- _INPUT_:
----------------------------------------

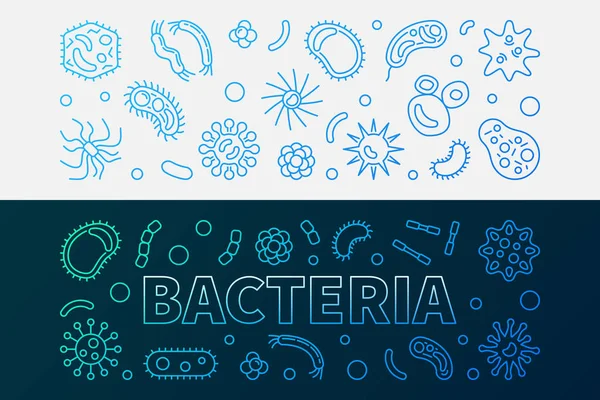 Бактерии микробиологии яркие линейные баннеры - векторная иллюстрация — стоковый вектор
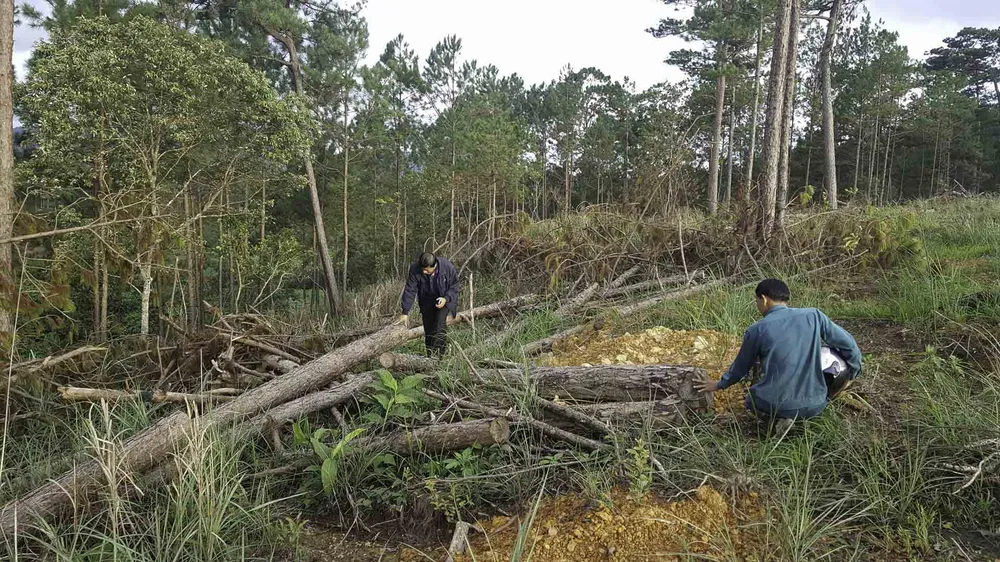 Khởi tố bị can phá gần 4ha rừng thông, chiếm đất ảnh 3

----------------------------------------

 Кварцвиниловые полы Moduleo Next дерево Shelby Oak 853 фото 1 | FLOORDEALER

----------------------------------------

- _TRY IT_: Using the entries above, repeat exactly the lines from the one with "Бактерии микробиологии яркие" to the one with "Khởi tố bị can", both included, and leave the pictures behind.

- _YOUR RESPONSE_:
 Бактерии микробиологии яркие линейные баннеры - векторная иллюстрация — стоковый вектор
 Khởi tố bị can phá gần 4ha rừng thông, chiếm đất ảnh 3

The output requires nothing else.